### Requirement
First find the line with "Vector illustration of", then reproduce it and all following lines of the data to the end, exactly and with no pictures, adding nothing.

───

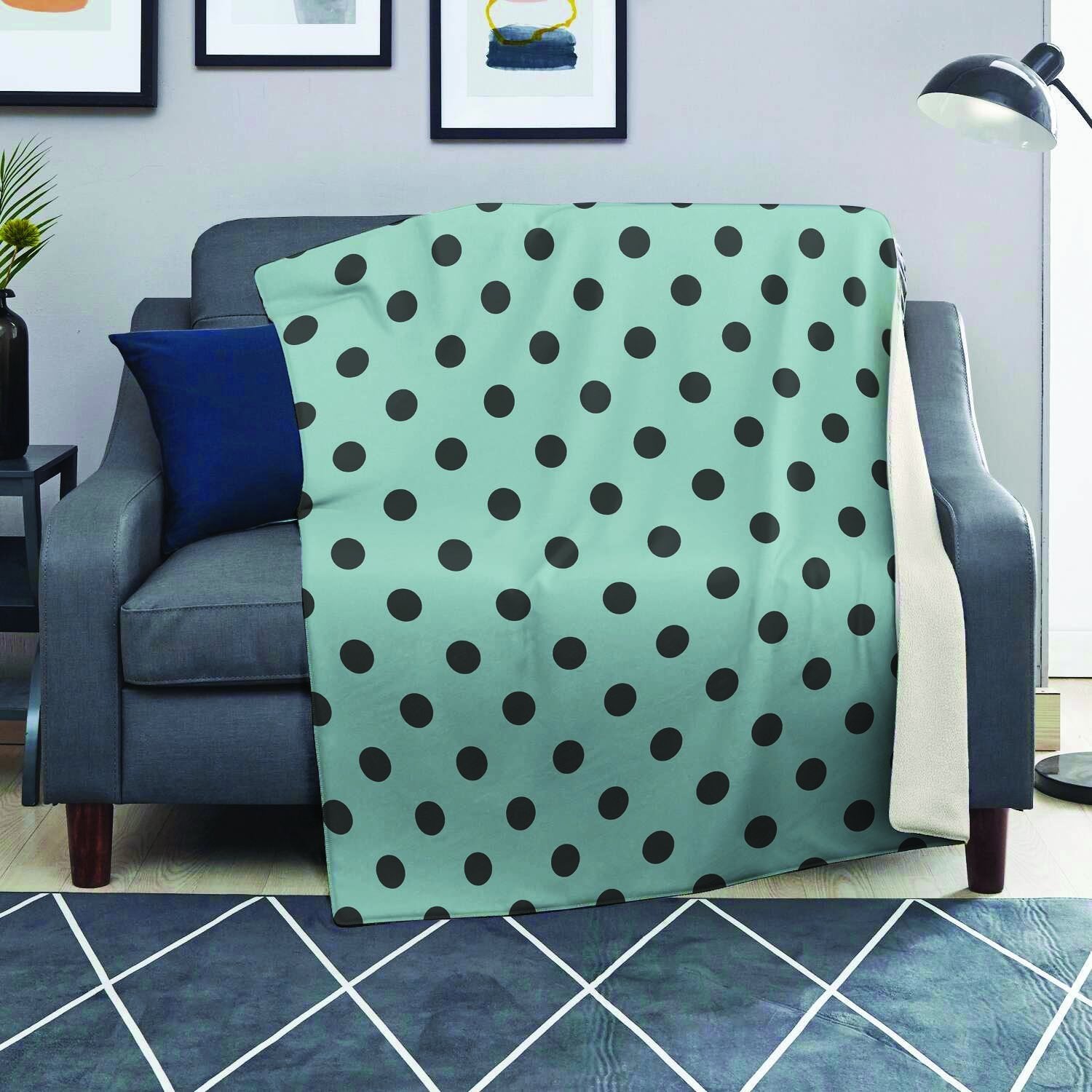 Aqua And Black Polka Dot Blanket-grizzshop
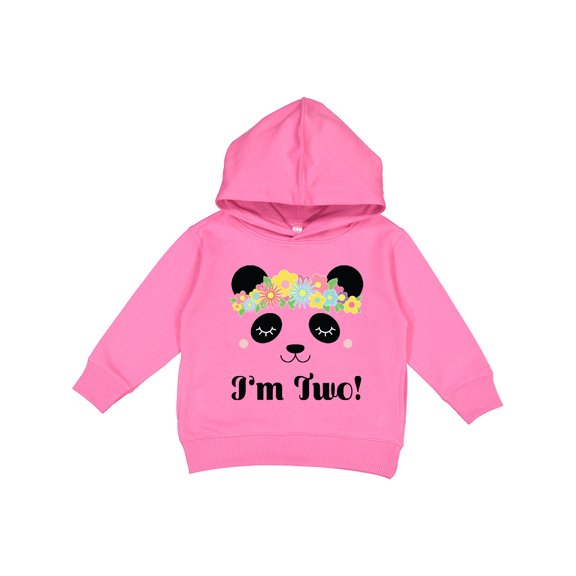 Inktastic 2nd Birthday Panda Face 2 Year Old Girl Toddler Hoodie
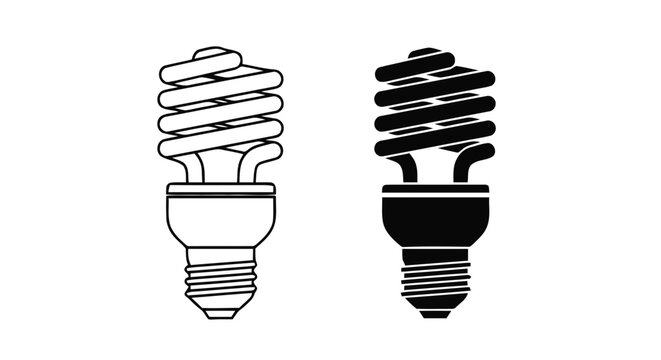 Vector illustration of set of spiral light bulb icons, outline and silhouette style on a transparent background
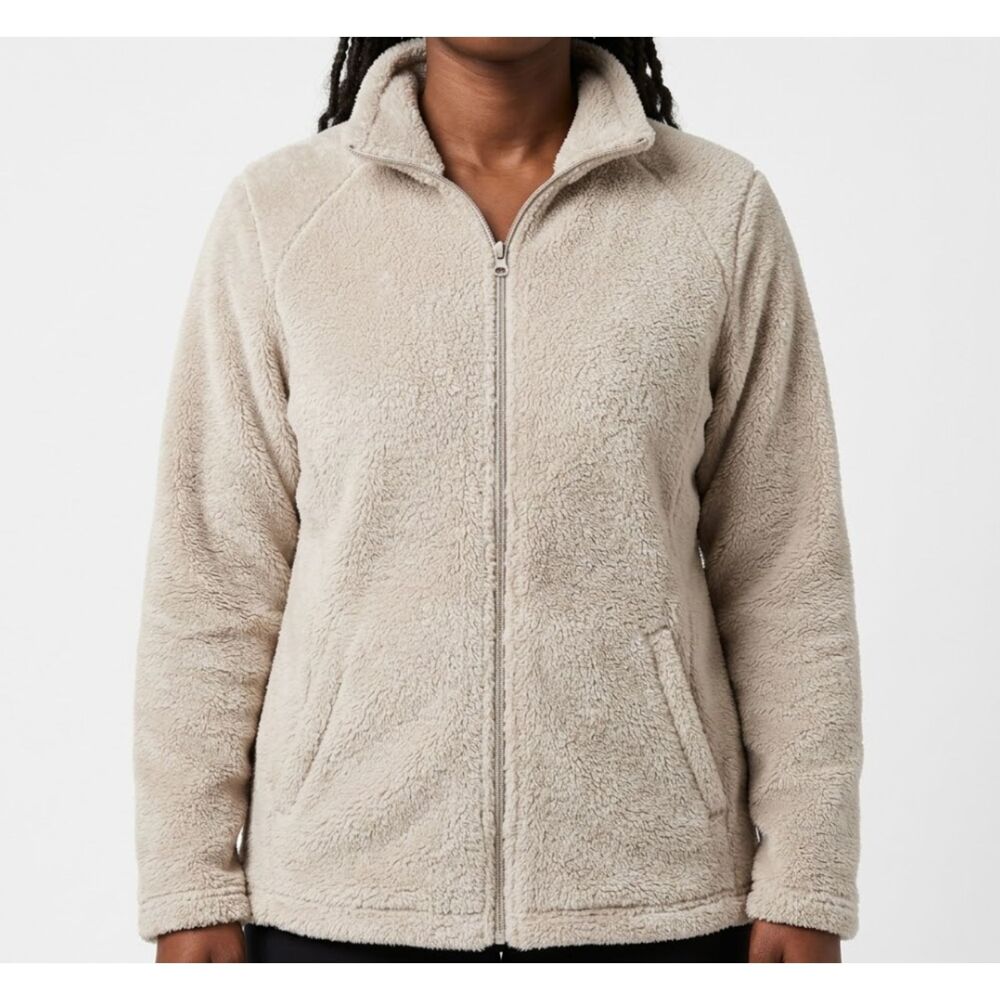 Torrid Sherpa Jacket Womens 00 M/L Beige Fuzzy Cozy Full Zip Soft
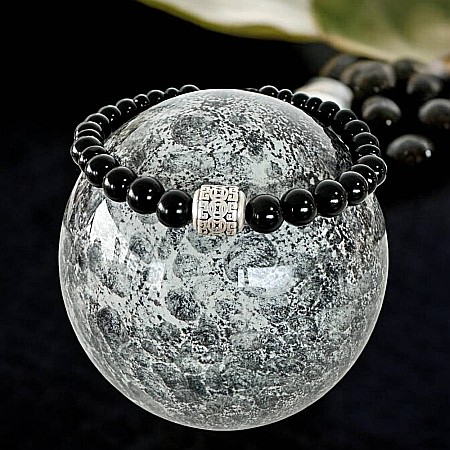 Argint 925 - Bratara barbati snur Melor din cristale de onix negru cu charm din argint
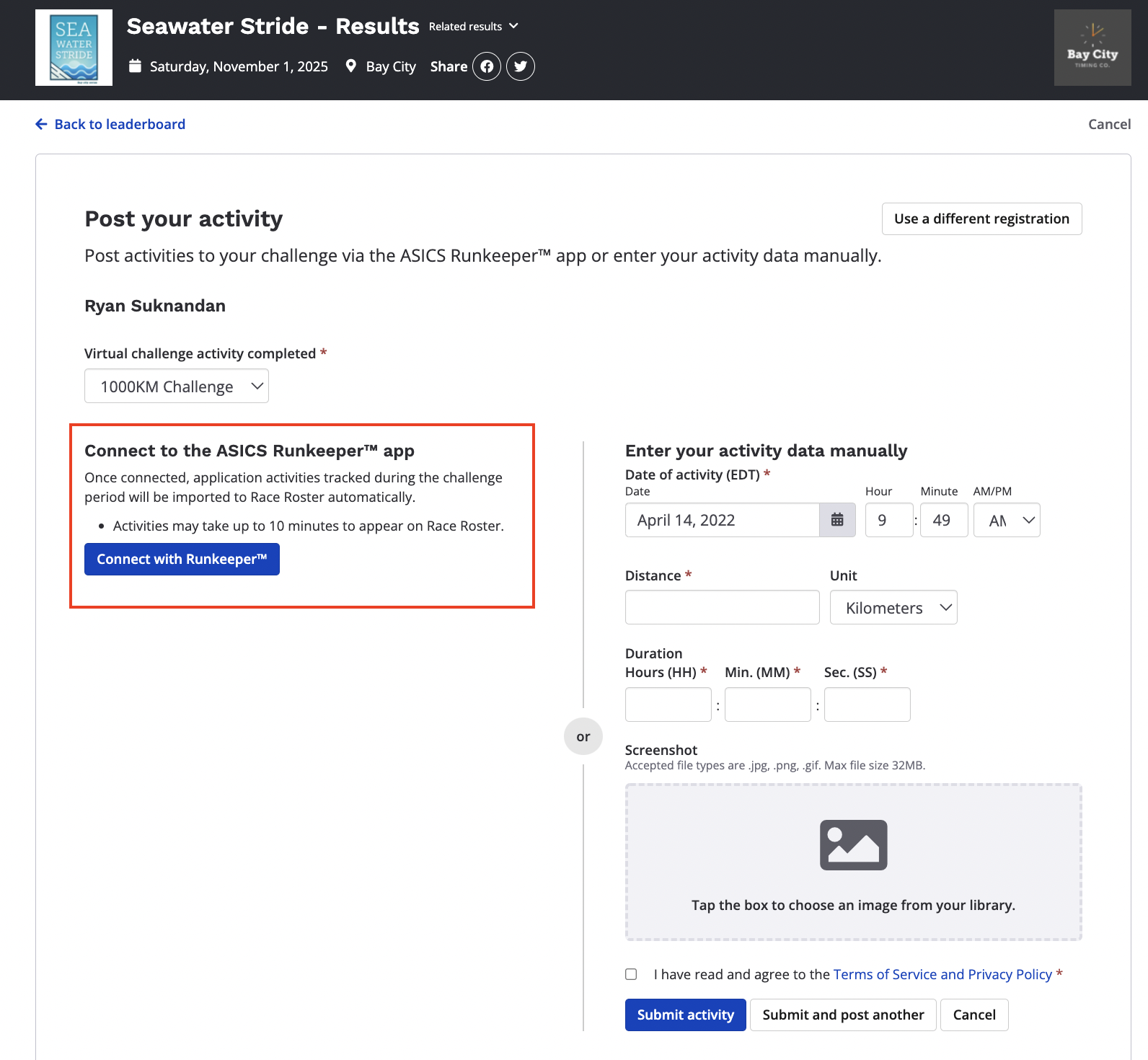 How to submit activities from Runkeeper onto Race Roster for a virtual ...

───

### Worked solution
 Vector illustration of set of spiral light bulb icons, outline and silhouette style on a transparent background
 Torrid Sherpa Jacket Womens 00 M/L Beige Fuzzy Cozy Full Zip Soft
 Argint 925 - Bratara barbati snur Melor din cristale de onix negru cu charm din argint
 How to submit activities from Runkeeper onto Race Roster for a virtual ...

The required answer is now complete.